University bans hamburgers 'to tackle climate change' By Katherine Sellgren
A university is banning the sale of burgers to try to fight global warming.
Goldsmiths, University of London, is removing all beef products from sale - and charging a 10p levy on bottled water and single-use plastic cups.
It plans to install more solar panels across its New Cross campus, in south-east London, and switch to a 100% clean energy supplier as soon as possible.
It will spend money on its allotment and identify other areas where planting could help to absorb carbon dioxide.
The university emits about 3.7 million kg of carbon each year but is hoping to become carbon neutral by 2025.
And it will try to increase the number of students studying climate change.
Scientists say beef is more damaging to the environment as cows produce more methane and require more land and water than other livestock.
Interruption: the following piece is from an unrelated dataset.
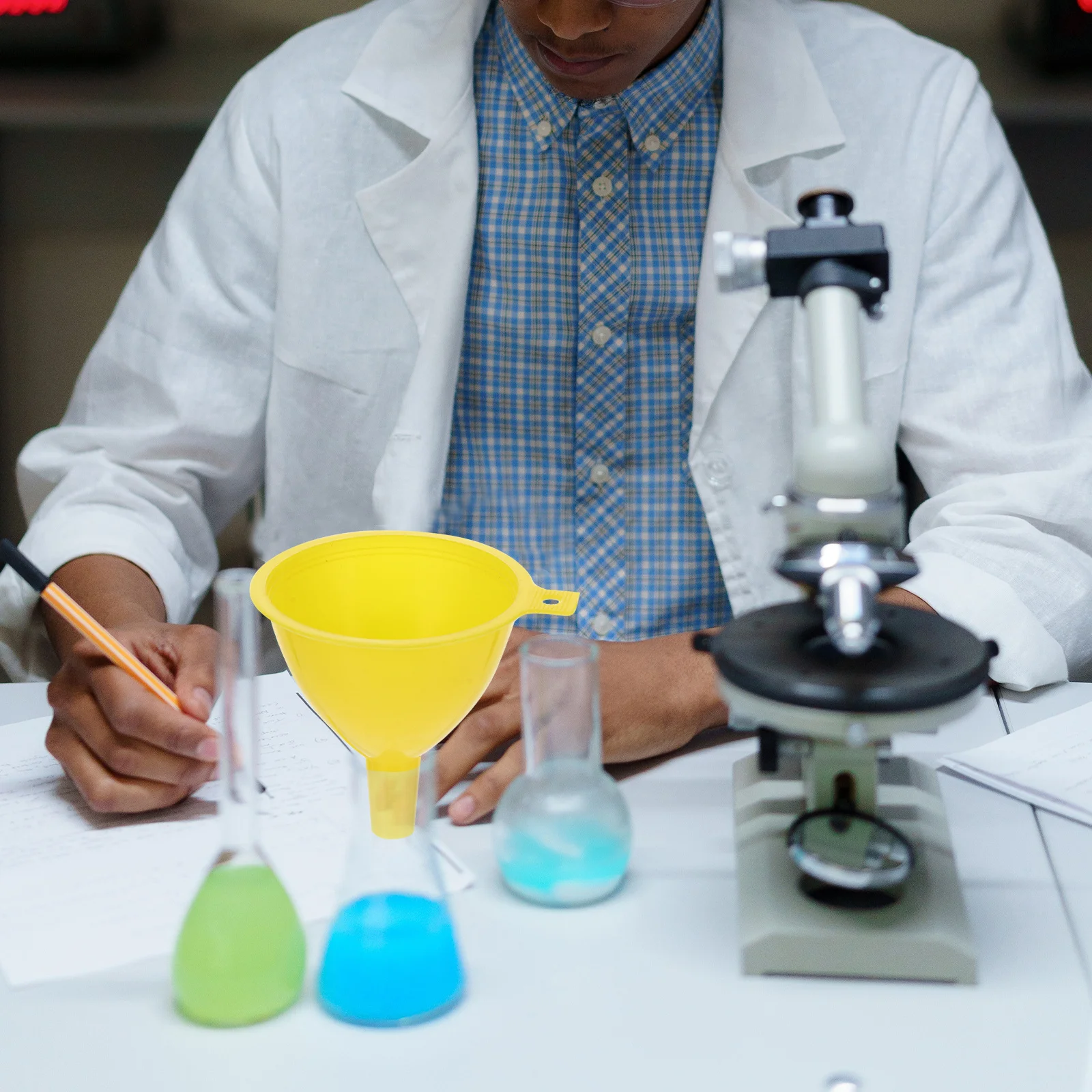 10Pcs Small Plastic Laboratory Funnel Liquid Essential Oil Filling for Bottleneck Bottles Funnel Kitchen Funnels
The college's new head, Prof Frances Corner, said: "The growing global call for organisations to take seriously their responsibilities for halting climate change is impossible to ignore.
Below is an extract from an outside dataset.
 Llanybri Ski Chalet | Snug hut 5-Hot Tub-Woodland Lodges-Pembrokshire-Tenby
"Though I have only just arrived at Goldsmiths, it is immediately obvious that our staff and students care passionately about the future of our environment and that they are determined to help deliver the step change we need to cut our carbon footprint drastically and as quickly as possible.
"Declaring a climate emergency cannot be empty words.
"I truly believe we face a defining moment in global history and Goldsmiths now stands shoulder to shoulder with other organisations willing to call the alarm and take urgent action to cut carbon use."
Goldsmiths Students' Union president Joe Leam said: "Our house is on fire," invoking the words of teenage climate activist Greta Thunberg.
"I believe Frances Corner and the university management are realising this and making these changes to put their part of the house fire out.
"The SU will be a part of this process every step of the way to make sure this stays true, seeking to speed the process up wherever possible, and will keep the college community updated throughout."
Rosie Rogers, of Greenpeace UK, said: "It's encouraging to see an institution like Goldsmiths not simply declaring a climate emergency but acting on it.
"From energy use, to food sales and plastic pollution - all universities and organisations with campus sites can make changes across their facilities that are better for our planet.
"We call on others to urgently follow suit and to include cutting all ties from fossil fuel funding in their climate-emergency response."